EADS and BAE Systems are battling to save their $45 billion merger plan from the crossfire of competing interests on Monday as governments and shareholders staked out positions in talks aimed at creating the world's biggest arms firm.
EUROPE BAE/EADS - The proposed merger between BAE Systems and EADS has hit more turbulence.
Politicians in Britain, Germany, France and Spain are doing battle over how the new company will be split.
18 days after the proposal was announced a number of key obstacles remain.
Britain is one of them.
BAE is a key US defence supplier with 38,000 UK employees - UK defence analyst Robin Niblett says satisfying all interests isn't easy.
Robin Niblett, defence expert, Chatham House think tank, said:
"It's critical that the UK retains certain defence capabilities here on shore. It's also essential that BAE Systems keeps access to the U.S. defence market without cutting the shareholdings of the French and German governments those two things won't happen."
EADS' CEO, Tom Enders, has been in London trying to convince the UK the deal won't cost jobs or compromise security.

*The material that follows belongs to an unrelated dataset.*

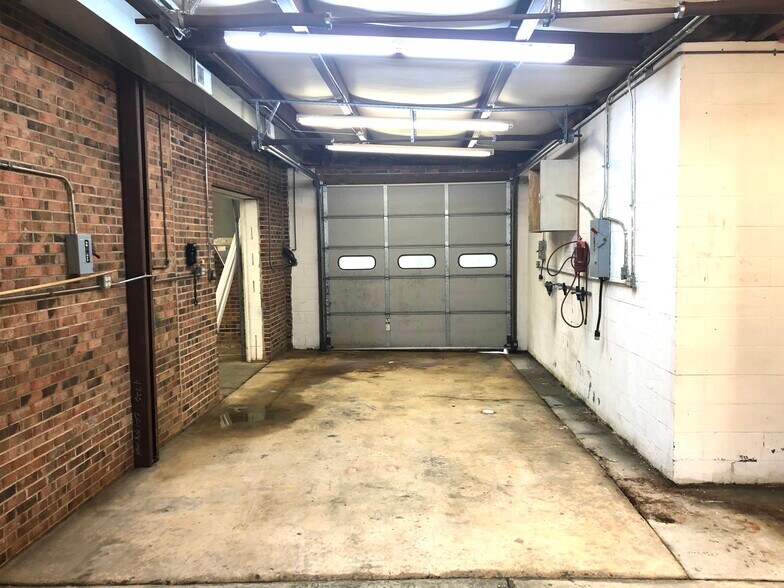 More Photos Of 1222 Hardin Rd, Dallas Manufacturing For Lease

Tom Enders, CEO, EADS, said:
"We could build a company not only financially more resilient going forward but that would achieve a much stronger platform for growth."
But current shareholders have also thrown a spanner in the works.
French media group Lagardere, which owns a 7.5 percent stake in EADS, says the proposed 60:40 split is "unsatisfactory".
German auto maker Daimler, which indirectly controls almost a quarter of EADS, reportedly shares a similar view.
And EADS is yet to agree what stake the French and German governments can have in the new company.
One report suggests it could be as high as 13 and a half percent.
But the UK apparently won't accept anything above 9 percent.
The US authorities need to be convinced too and quickly.
The terms of the deal must be presented by October 10.
And EADS is also keen to halt a 16 percent share dive which has wiped 4 billion euros off the company's value since the deal was first announced.